I would like to know how to calculate the grid convergence angle between True North and Grid North for UTM maps.

I am using ArcGIS 10.0 (ArcView licence). and have used the Calculate Grid Convergence Angle tool from the Cartography toolbox.

However, I would like to know how to calculate this angle myself (using Excel) to compare against the ArcGIS result?

  • 3
    Excel will only be able to compute the grid convergence for projections whose formulas you have code for. A general solution, applicable on any platform that will project geographic coordinates, appears in my reply at gis.stackexchange.com/a/5075/664. – whuber Sep 29 '14 at 15:26

The formula for calculating grid convergence (sometimes called meridian convergence) for spherical UTM projections was given (very incorrectly until just now) at How to Calculate North?

In case that is not clear

γ = arctan [tan (λ - λ0) × sin φ]


γ is grid convergence,
λ0 is longitude of UTM zone's central meridian,
φ, λ are latitude, longitude of point in question

See Transverse_Mercator_projection#Convergence where it also gives γ as a function of grid coordinates.

  • Where do I find λ0 for a given UTM zone? Do you have a link to a list? – evolved Feb 22 '18 at 15:24
  • @evolved: Try this jaworski.ca/utmzones.htm or this apsalin.com/utm_central_meridian_lookup.aspx – Martin F Feb 23 '18 at 23:56
  • Just curious, what is the difference between this answer and @V. Kelly Bellis answer?
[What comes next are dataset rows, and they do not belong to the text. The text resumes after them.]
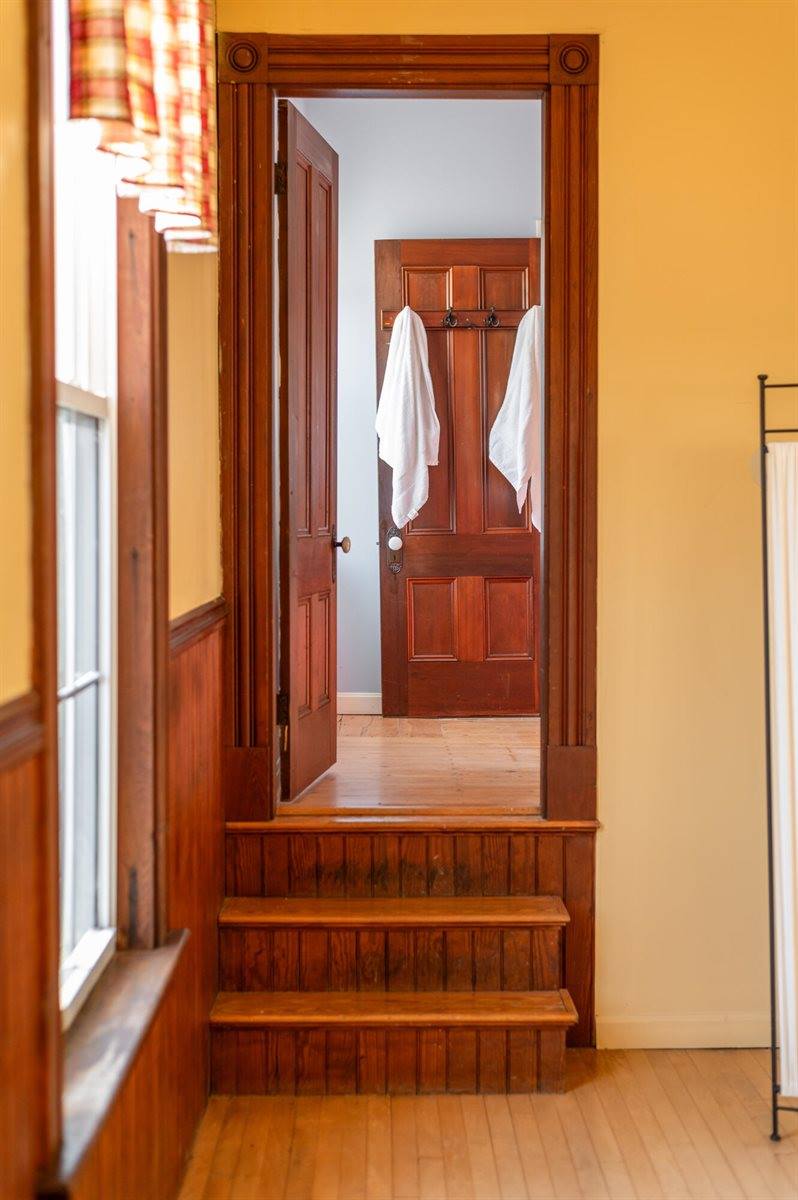75 Main Road, Charleston, ME 04422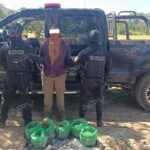 Detienen a un hombre con un alijo de drogas tras su intento de fuga en Mascota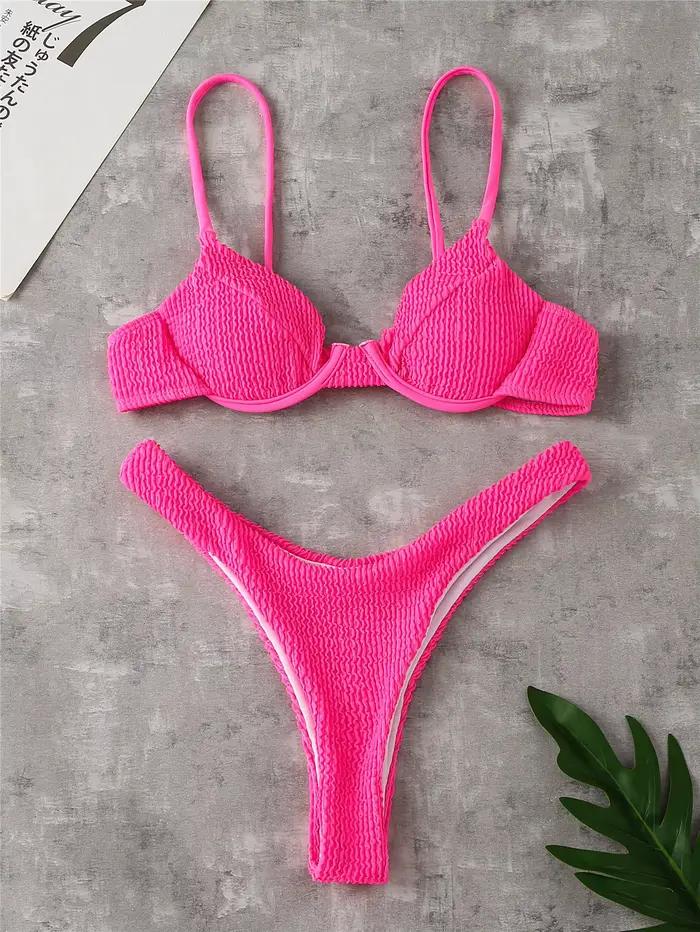 Maillot de bain sexy à armatures 2026 pour femme, blanc et noir, push-up, côtelé, micro, brésilien, plissé, string, pour la plage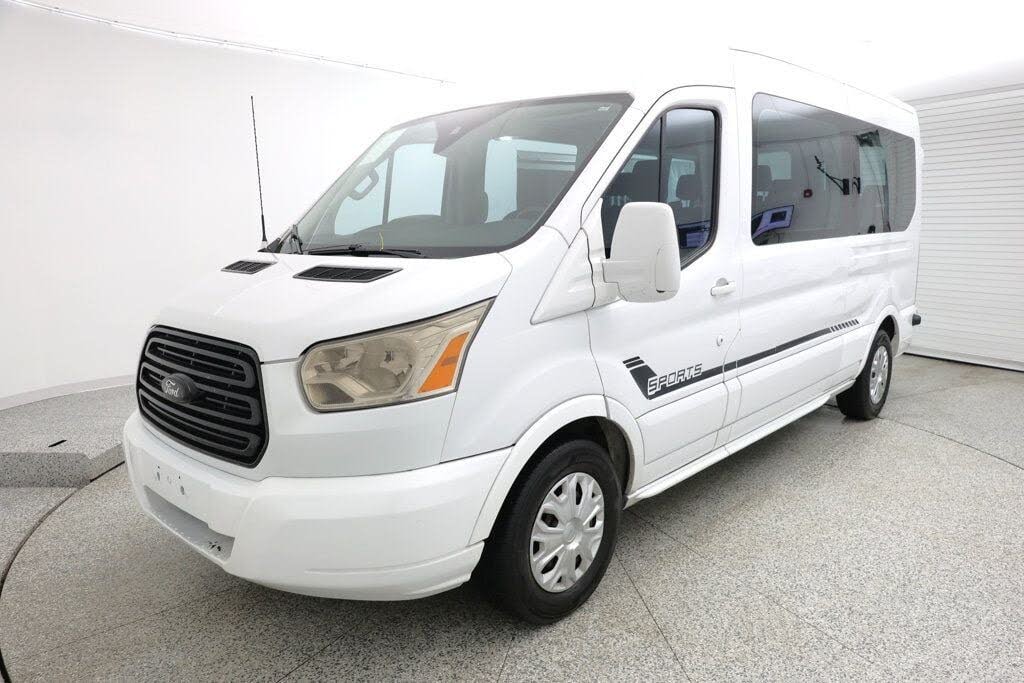2018 Ford Transit Passenger 350 XLT Medium Roof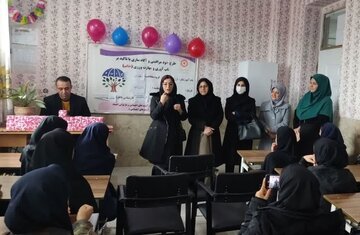 مدیرکل بهزیستی: ۱۹۰۰ نفر از زنان استان کرمانشاه در طرح خاتم آموزش دیدند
The results come out close. – Rex Aug 10 '18 at 14:03
  • @Rex: The other seems to be an approximation. – Martin F Aug 10 '18 at 17:48
  • I'm surprised I haven't found a formula yet for grid convergence for ellipsoidal UTM projections. AFAIK UTM doesn't typically use a spherical projection. Spherical transverse mercator is common in web maps, however. – Andy Nov 16 '19 at 7:10

I've always used this formula:

CA = (λ - λCM) × sin φ

Given: CA is the grid Convergence Angle for any transverse Mercator projection; λCM is the longitude of the zone's Central Meridian; φ, λ are the latitude and longitude of the point in question.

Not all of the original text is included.